General information
- Type: Ultralight aircraft and motorglider
- National origin: United States
- Manufacturer: Delta Sailplane Corporation
- Status: Production completed

History
- Developed from: Volmer VJ-24W SunFun

= Delta Sailplane Nomad =

The Delta Sailplane Honcho and Delta Sailplane Nomad are a family of American ultralight aircraft and motorgliders that were derived from the Volmer VJ-24W SunFun and produced by the Delta Sailplane Corporation. The aircraft were supplied as kits for amateur construction.

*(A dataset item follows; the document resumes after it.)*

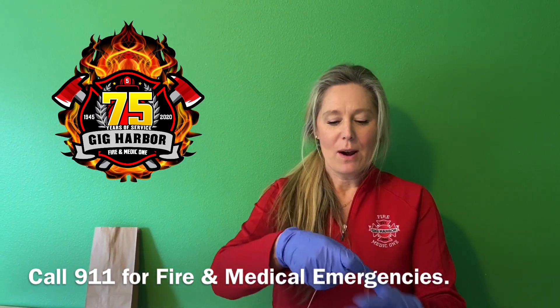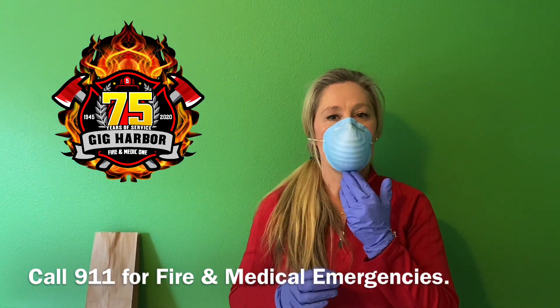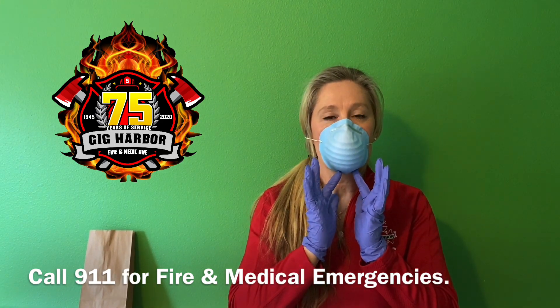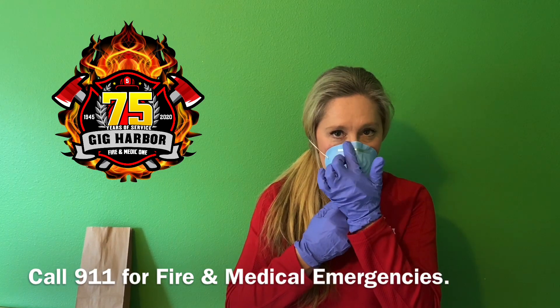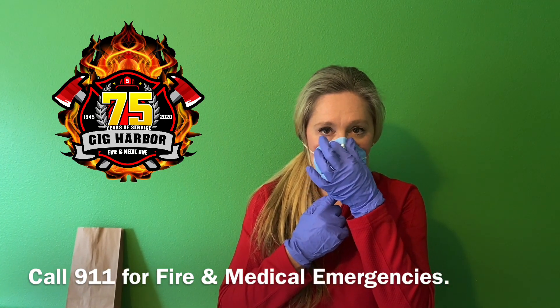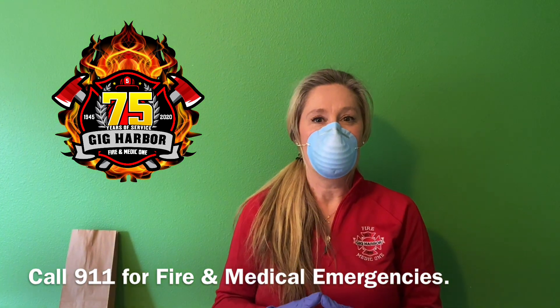I want to show you how to wear one correctly. Once placing a mask or facial covering on your face, you want to make sure that it makes a nice seal around your nose and around your mouth. And for some of you, you might have those little wire bits at the top that you're able to press down to further complete the seal on the face.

==Design and development==
The Nomad and Honcho were both designed to comply with the US FAR 103 Ultralight Vehicles rules, including the category's maximum empty weight of 254 lb. Both have a standard empty weight of 189 lb. They feature a strut-braced high-wing, a single-seat, open cockpit, and a single engine in pusher configuration. The Nomad is the motorglider version with monowheel gear and a longer wing, while the Honcho has tricycle landing gear and a shorter wing.

Both the aircraft are made from bolted-together aluminum tubing, with the wings and tail surfaces covered in doped aircraft fabric covering. The high wing is supported by V-struts with jury struts. The pilot sits on an open seat with no windshield. Engines used include the 26 hp Lloyd DS1, 28 hp Lloyd DS2, and the 18 hp Solo 210.

The assembly time is 120–150 hours.

==Variants==
- Honcho
Tricycle landing gear version with nosewheel steering, an auxiliary tailwheel, and a 32.2 ft span wing.
- Nomad
Monowheel gear version with a 36.1 ft span wing, wing area of 147 sqft, wing loading of 2.77 lb/sq ft (13.5 kg/m^{2}) and a cruise speed of 55 mph.